Anatoly Radnayev: …that’s a staple for Buryats. We revere this food and serve it during holidays with milk and dairy products. Mr Nagovitsyn, Mr Putin, I would like to draw your attention to how agriculture is being supported in our country. In 2009, our republic received 670 million roubles under two agricultural programmes. We purchased tractors, water sprinklers and other cutting-edge equipment using this money. Our republic was hit by last year’s drought as all of Russia was, so it could not reach its targets, and federal grants were cut almost three times, accordingly. We do not know yet what funds the federal Agriculture Ministry has earmarked for us this year. The food processing industry benefited greatly with allocations for 2009. Particularly, dairy product output increased by 183% and met a major part of domestic demand. Now, we are approaching last year’s indices. A greater part of federal grants goes to purchasing new equipment. The present wear and tear of farm machinery is no secret to anyone. It is high time to upgrade agriculture through state-of-the-art technology.

Vladimir Putin: Did you manage to preserved cattle?

Anatoly Radnayev: It’s presently a fifty-fifty arrangement. We get half of the milk from cooperatives and state farms and the other half from private suppliers.

Vladimir Putin: Have you arranged milk reception from private farms?

Anatoly Radnayev: Yes, we have enough milk receiving centres. Every major town has an industrial refrigerator, and milk tank trucks come every day.

Vladimir Putin: What is your purchasing price?

Anatoly Radnayev: The summer price for cooperatives and state farms is currently 14 roubles a litre. It’s more expensive in winter. The seasons are the biggest problem of Russia’s dairy processors. As for private farmers, we buy milk from them at 11 or 12 roubles a litre.

Vladimir Putin: Why the difference?

Anatoly Radnayev: See, major farms supply top grade milk. Naturally, it’s more expensive. Private farmers’ milk is somewhat inferior, with ample room for improvement. At present, we have 9,000 households and 17 big farms to supply us.

Vladimir Putin: So, you say, private farmers supply half of your milk. That’s a lot.

Anatoly Radnayev: Yes. It’s the aftermath of the 1990s. Now, Mr Nagovitsyn [president of Buryatia] is working on the establishment of large farms.

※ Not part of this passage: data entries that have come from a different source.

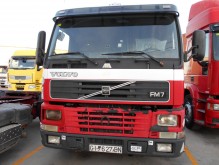 tracteur Volvo FM7 290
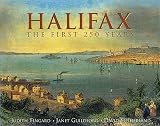 Sutherland, David: Halifax: The First 250 Years Sutherland, David: Halifax: The First 250 Years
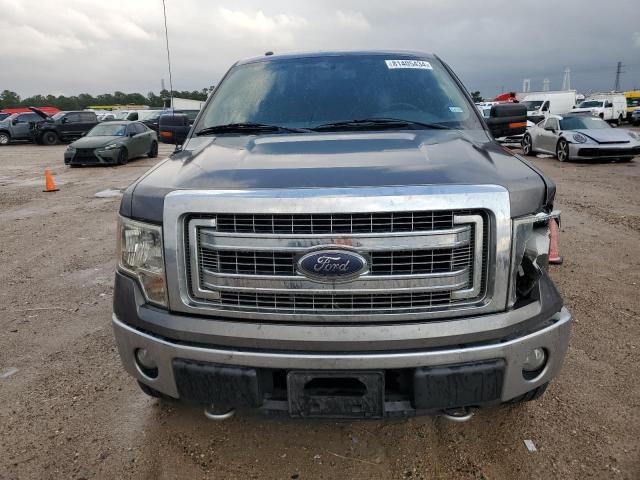 Photo 5 from auction – 2013 FORD F150 SUPER with VIN 1FTFW1EF0DKD68474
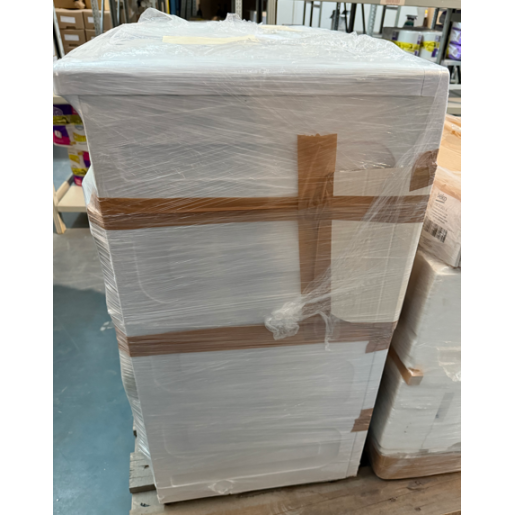 Slika BEKO perilica rublja WTV6632B0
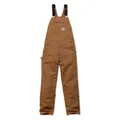 Carhartt Bib Overall (W34/L32) (.102776.211.S412)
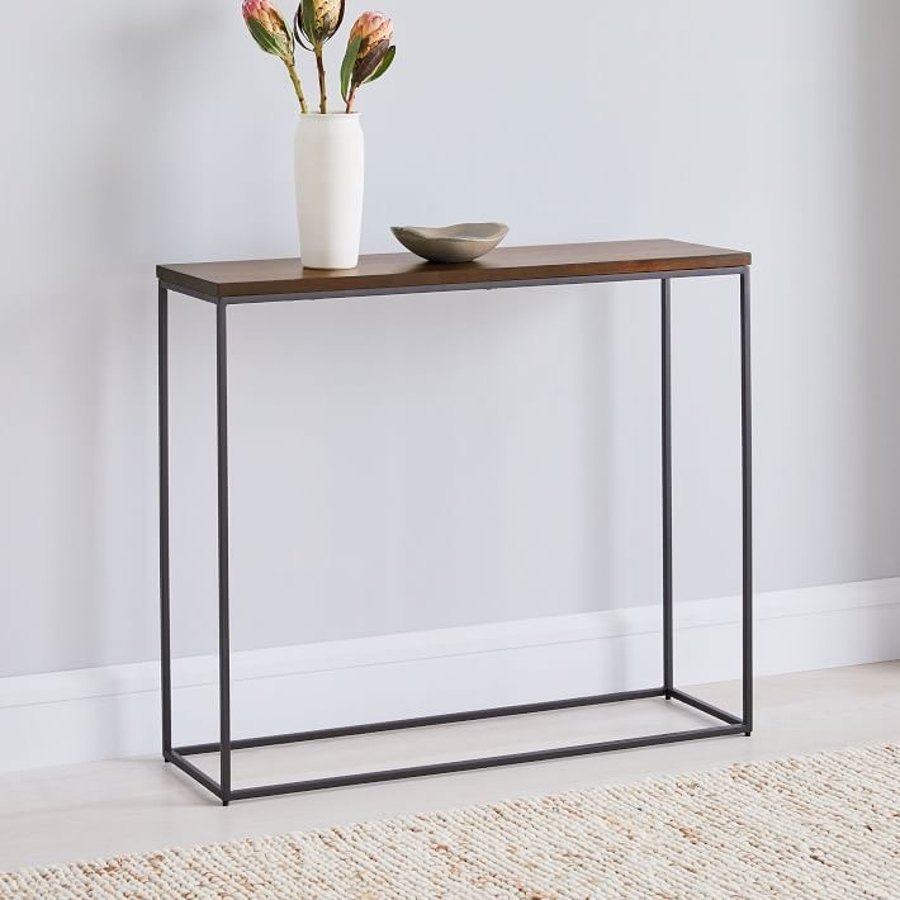 Console tables reference product photo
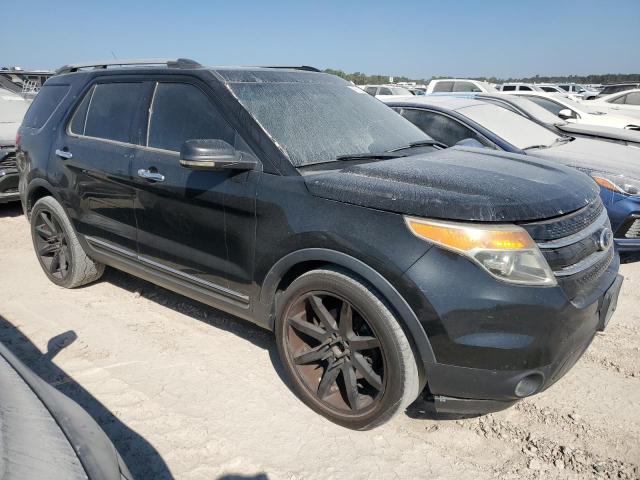 Photo 3 VIN: 1FM5K7F82DGB57804 - FORD EXPLORER L 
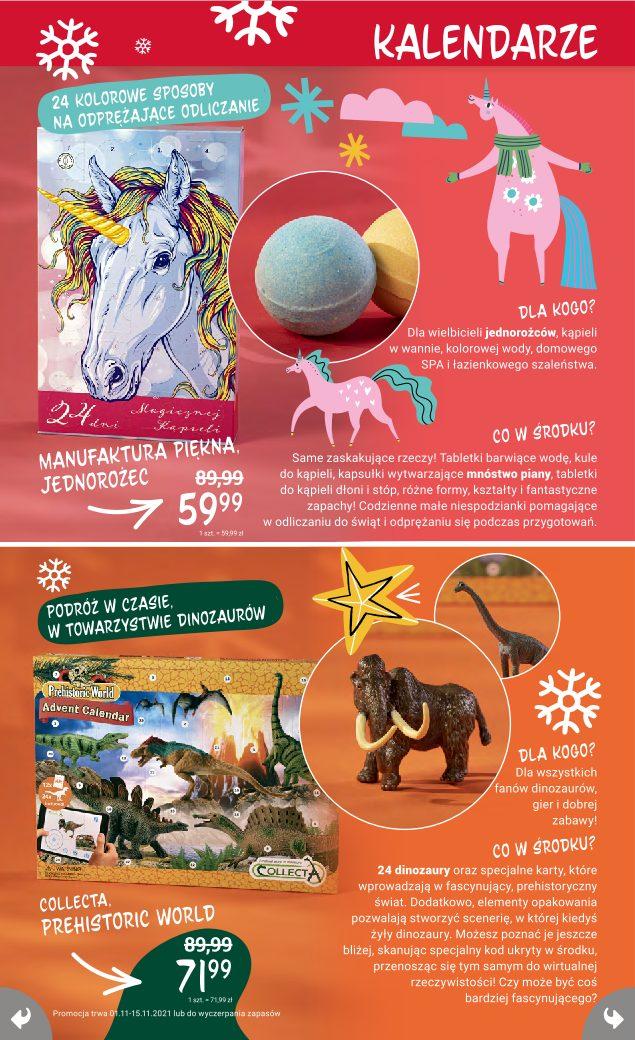 Gazetka promocyjna Rossmann str. 4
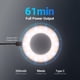 thumbnail image 5 of Teléfono Selfie Ring Light Entry Level Versión 3 74, 5 of 8
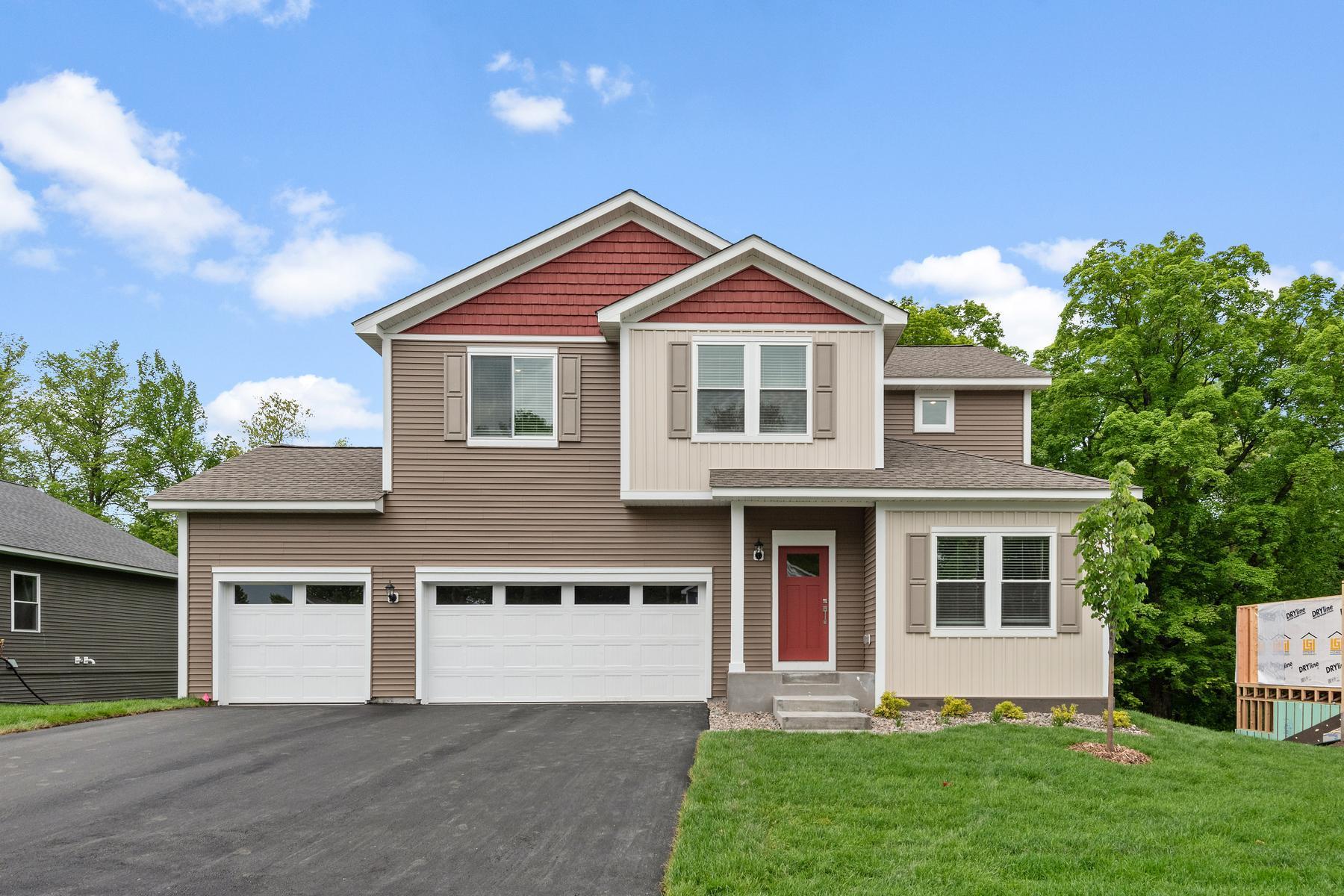 643 Fieldcrest Avenue Montrose, MN 55363 - Photo 1 of 17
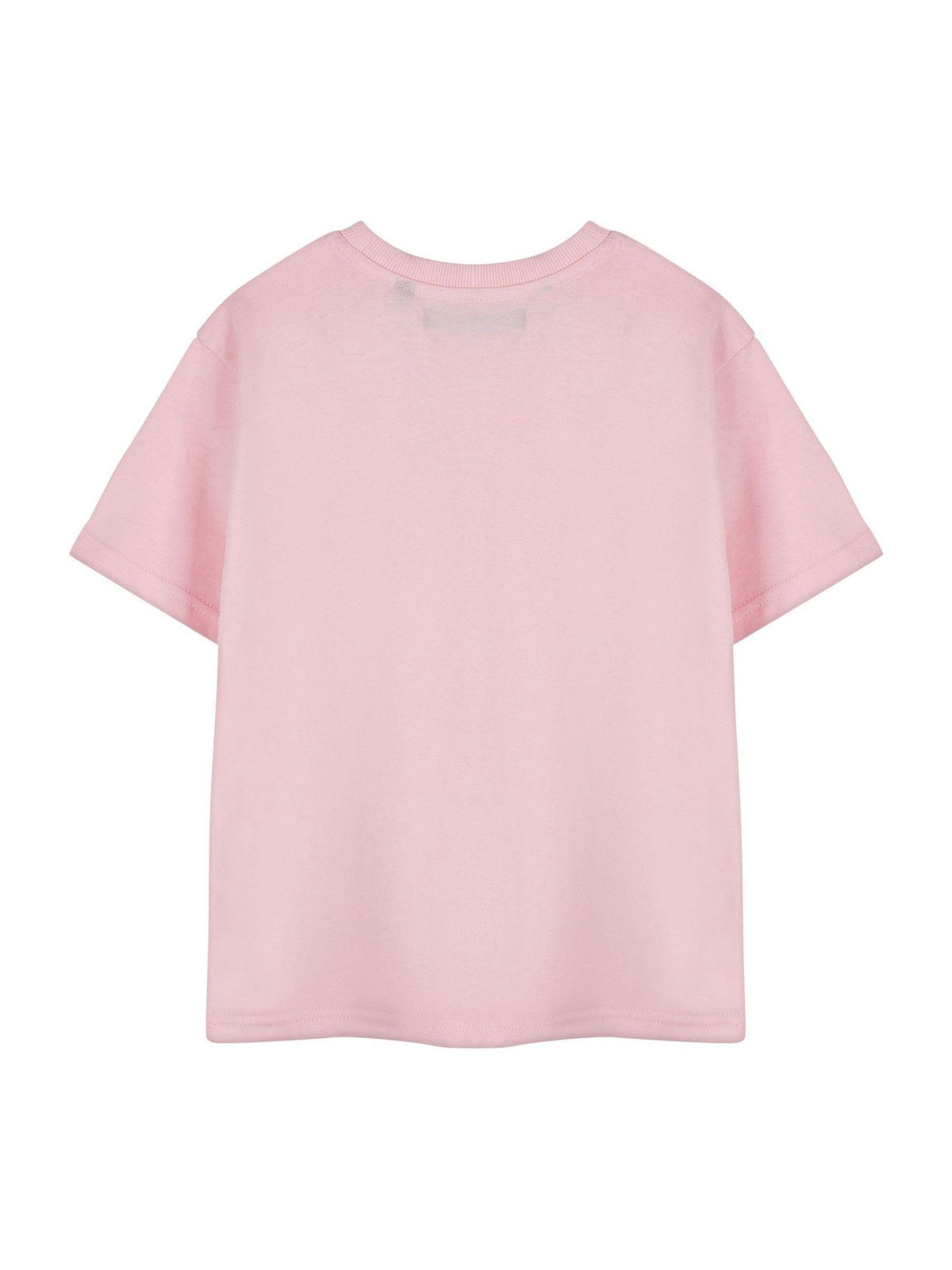 Dsiney Kidz - Vanilla Underground Pink Stitch Disney T-Shirt image 2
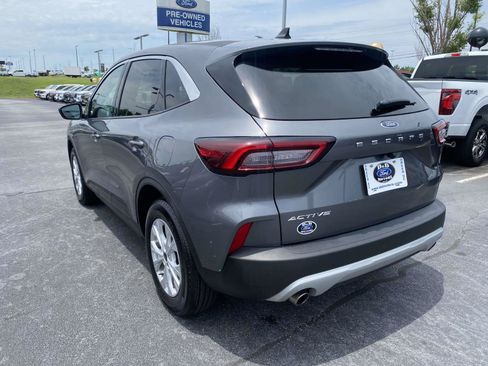 Certified 2024 Ford Escape Active FWD image 5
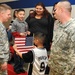 Renegade Battalion returns from Iraq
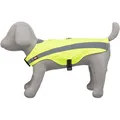 Következő termékkép Biztonsági mellény, fényvisszaverő, neon sárga S-40cm, mell: 48-72cm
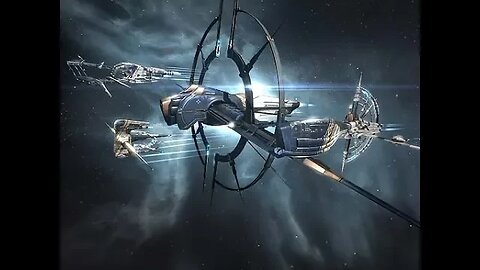 Eve Online - Operation Conscious Interruption!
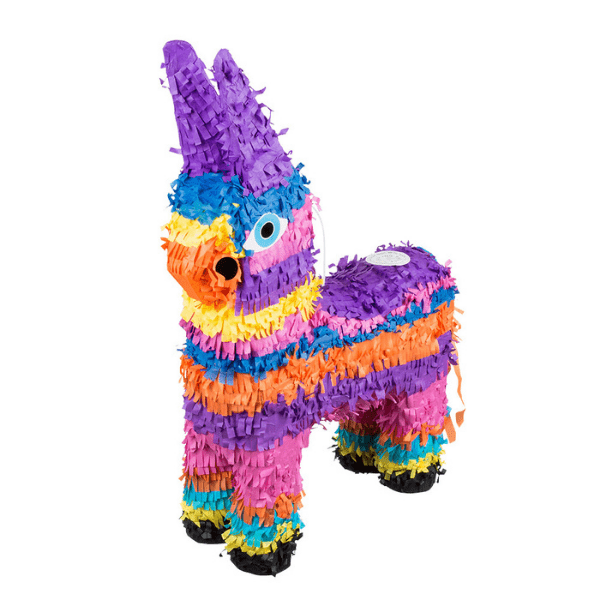 PIÑATA BAUDET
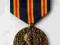 Medal USArmy - CIVILIAN SERVICE in VIETNAM MEDAL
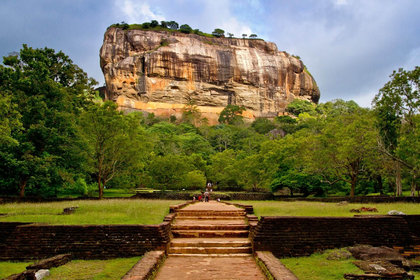 Le Sri Lanka : destination idéale pour un voyage en famille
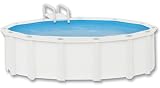 3161Jhcmw7L. SL160  Above Ground Pool Supplies Reviews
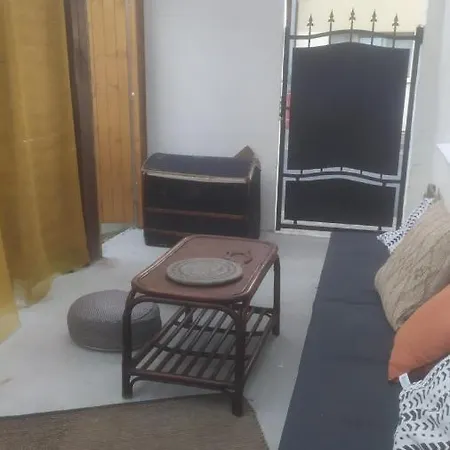 Au Passage Tatil Evi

Vladimir Putin: Is your business new?

Anatoly Radnayev: No, it was established 55 years ago.

Vladimir Putin: An impressive record. Are new dairy factories appearing?

Anatoly Radnayev: Yes. The districts, including remote ones, are developing primary milk processing on budget grants.

Vladimir Putin: Do they have modern equipment?

Anatoly Radnayev: Yes, but these are small facilities, mere mini factories.

Vladimir Putin: But they implement cutting-edge technology?

Anatoly Radnayev: Yes.

Vladimir Putin: I see. As for Agriculture Ministry grants to Buryatia, I will discuss the matter as soon as I get back to Moscow. I’ll see what’s happening and why the republic does not know the amount of grants to this day.

Remark: We have preserved all of our cattle and so are entitled to a 190 million rouble grant, starting with the 3rd quarter. Money may start coming even tomorrow – I mean the bonus for cattle survival.

Vladimir Putin: Out of a total five billion roubles?

Response: Yes. Mr Radnayev is uneasy because programme targets were set for the period up to 2012, while we could not cope last year due to the drought. But then, we received emergency relief grants, so we see that the federal authorities acknowledge our problem. So you first help us with money and then punish us for the same misfortune by cutting programme allocations.

Vladimir Putin: You mean the same indices are concerned?

Response: Yes.

Vladimir Putin: I’ll see. I’ll talk it over with Viktor Zubkov.

Mr Solyanik from the Ulan Ude instrument making factory has the floor.

Sergei Solyanik: Mr Putin, our company manufactures 178 kinds of avionic instruments.

Vladimir Putin: But it isn’t avionics alone – you also cater for the auto industry, don’t you?

Sergei Solyanik: Yes. We supply all Russian aircraft-building factories and have several clients abroad. We also make robot pilots for anti-ship cruise missiles and pre-launch preparation equipment for heavy ships and all types of submarines. I am speaking in such great detail because we have a problem with the Defence Ministry.

We have had clashes with it for several years now. I did something unprecedented this year. I refused to sign the state defence contract with a client – the ministry naval department – for a simple reason. Our company has two teams to monitor avionic systems at the Northern and Pacific fleets from May 1 to Nov. 1. The job doesn’t pay any longer because the ministry has put a choice before us -- either we accept its terms or it does not admit our experts to the sites. The terms are ridiculous – 100 roubles per diem plus 500 roubles for expert accommodation. Just think, the people there suppose one can manage with 500 roubles in the Northern Fleet cantonments. And what’s 100 roubles? The price of a cup of coffee! So I did not sign the contract, and I don’t expect anything good for the company now.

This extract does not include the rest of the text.